A coding agent for any model

Swival works with frontier models, but also strives to be as reliable as possible with smaller models, including local ones. Designed from the ground up for tight context windows and limited resources.
Free, opensource, and easy to set up.

$uv tool install swival
$swival "Refactor the error handling in src/api.py"

Why Swival

Reliable with small models

Context management is one of its strengths. Keeps things clean and focused, avoids unnecessary context bloat. Graduated compaction and persistent state mean the agent doesn't lose track of work, even under tight limits.

Your models, your way

Auto-discovers your LM Studio model, or point it at any HuggingFace or OpenRouter model. You pick the model and the infrastructure.

Review loop and benchmarking

A configurable review loop with LLM-as-a-judge support. JSON reports capture timing, tool usage, and context events. Useful for comparing models, settings, skills, and MCP servers on real coding tasks.

Skills, MCP, and more

Extend the agent with SKILL.md-based skills and MCP servers. Small and hackable: a few thousand lines of Python, no framework. Read the whole thing in an afternoon.

Quickstart

LM Studio

  1. Install LM Studio and load a model with tool-calling support. Recommended first model: qwen3-coder-next (great quality/speed tradeoff on local hardware). Start the server.
  2. Install Swival:
    uv tool install swival
  3. Run:
    swival "Refactor the error handling in src/api.py"

HuggingFace

  1. Create a token at huggingface.co/settings/tokens and export it:
    export HF_TOKEN=hf_...
  2. Install Swival:
    uv tool install swival
  3. Run with a tool-calling model (e.g. GLM-5):
    swival "Refactor the error handling in src/api.py" \
        --provider huggingface --model zai-org/GLM-5

OpenRouter

  1. Sign up at openrouter.ai and export your API key:
    export OPENROUTER_API_KEY=sk_or_...
  2. Install Swival:
    uv tool install swival
  3. Run with any model on the platform (e.g. GLM-5):
    swival "Refactor the error handling in src/api.py" \
        --provider openrouter --model z-ai/glm-5

Interactive mode

For back-and-forth sessions, start the REPL with swival --repl. The agent keeps the full conversation in memory, so you can iterate on a task across multiple turns without repeating context.

swival --repl

Python library

Swival also works as a Python library, so you can embed an agent loop directly in your own code.
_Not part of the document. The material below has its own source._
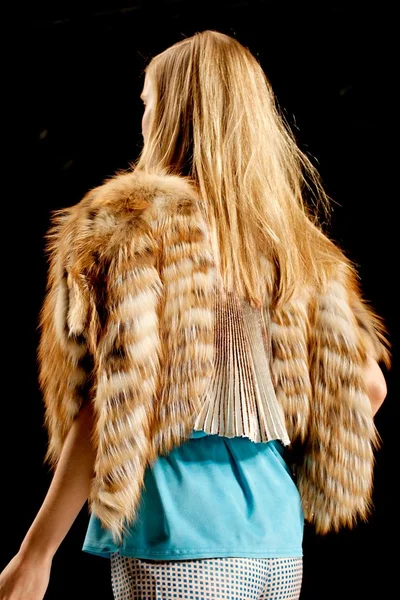 Look 48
The simplest way is the swival.run() one-liner:

import swival

answer = swival.run(
    "What files handle authentication?",
    provider="openrouter",
    model="z-ai/glm-5",
)

For multi-turn conversations or finer control, use the Session class:

from swival import Session

session = Session(provider="lmstudio", yolo=True)

result = session.run("Add type hints to utils.py")
print(result.answer)

# Continue the conversation
follow_up = session.ask("Now add tests for those functions")
print(follow_up.answer)

Session accepts the same options you'd pass on the command line — provider, model, allowed commands, MCP servers, and everything else. Check the usage docs for the full list.